That's about all I have to offer at this time. Again, I refer interested parties to consult the RStudio website to explore the functions, features, and customization of RStudio.

General R tips

I believe there are two general perspectives when it comes to programming. One values efficient, compact, and elegant code. The other favors read-ability; can others, particularly those with less experience, decipher what was done and why? I imagine most folks with a computer engineering/computer science background tend to be the former. I am, clearly, of the latter perspective. Most of the scripts I produce, whether for the R course page or as templates/examples for specific clients must be readable. Therefore, what follows below are my own thoughts on good R scripting habits or good R user habits.

Generally, good habits when working in R – or any programming language – include commenting copiously. This is perhaps the most important thing – using comments to describe what was done and why in the script files. The script files are the backbone of any analysis project for me. Why was a gender variable recoded and what were the codes used? Why were two variables eliminated from analysis? Answering these types of questions with comments in the script as the script is being created allows me, or anyone, to review the script to replicate what was done and provides an explanation for why it was done. In the current research climate, one focus has been replication and reproduction of results. Documentation is the first key to allowing replication, or even reproduction, and comments in the script are invaluable. Comments also are very useful for writing up results; again if habitually commenting while working through the data analysis it will make writing up a manuscript later much easier.

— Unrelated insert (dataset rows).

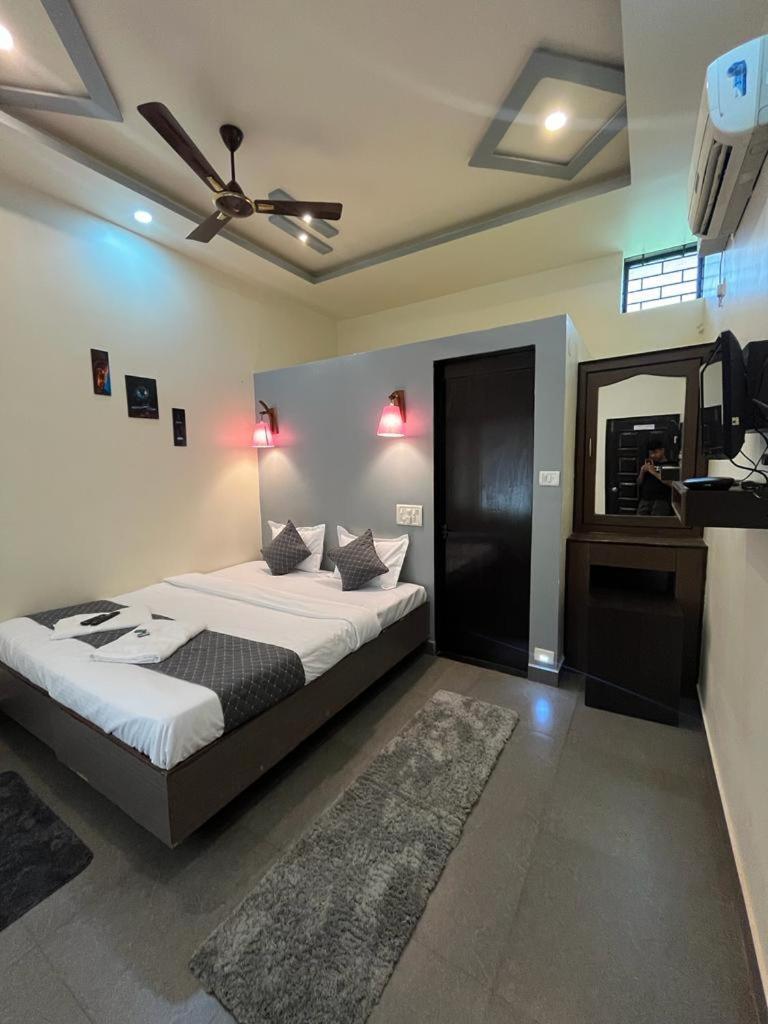 Vagator House Resort Goa Exterior foto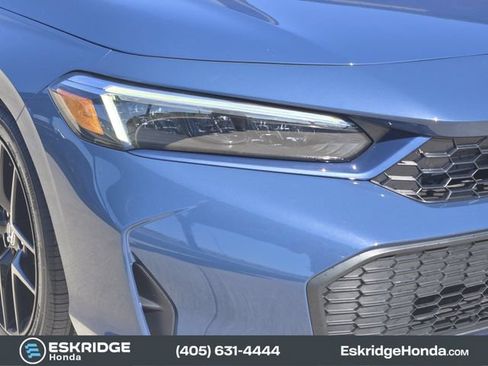 Used 2025 Honda Civic Sport image 9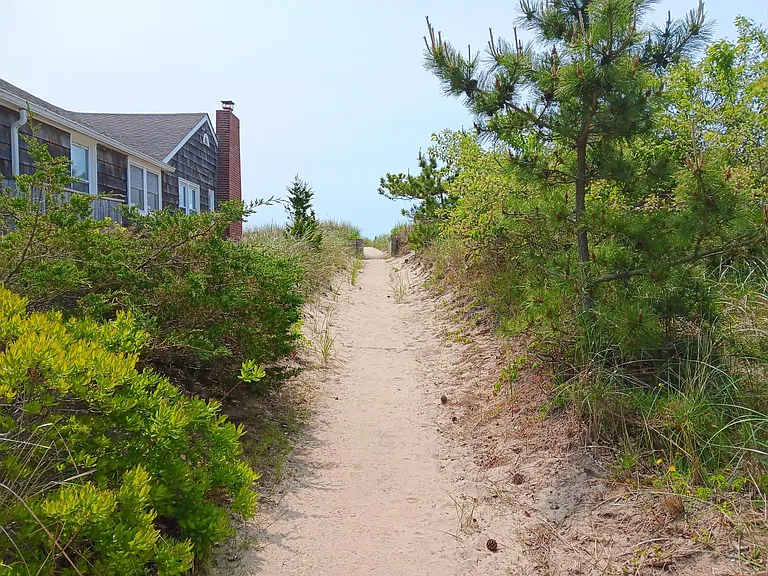 20 Beach Ave — Photo 11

Returning to the settings and specific spaces for tabs, it's generally good for readability sake to indent subsequent lines which are contained inside a set of parentheses or braces, such as:

for (i in 1:1000){
  if(x[i] >= 0){y[i] <- y[i] + 25}
  if(x[i] <  0){y[i] <- y[i] - 25}
  z[i] <- x[i] + y[i]
  }
 

As one becomes more familiar with R, it will become important to standardize the way one does certain things. For example, there are several ways to index or call a specific variable or column of a data frame. After learning all those ways, I would suggest settling on the one you find most comfortable and sticking with it in all subsequent scripts. Other general tips include trying to use recursion as much as possible. This can make the script hard to read but is much more efficient and efficiency is a good thing to strive for when writing script. Also, saving workspace objects (.RData) can consume a lot of space; so, I tend to avoid saving the workspace of a project and only saving the script – to save space on my machines. However, if I have conducted a resource-intensive operation, say an iterative imputation technique which took 20 minutes to complete, then I would certainly save the workspace and annotate the script to reflect that for later.

Lastly, it is important to note that many functions in R rely upon a random number generator to properly conduct random operations, e.g., 
rnorm(n = 1000, mean = 10, sd = 1.5)).

If replicability and/or reproducibility are needed, then one must 'set the seed'. Setting the seed at the beginning of a script allows randomized functions to return the exact same results. Setting the seed is done with the following: set.seed(12345678), with any numeric combination inside the parentheses. Obviously, the specific numeric combination used allows the same result to be produced, i.e., changing the seed number will produce differing results.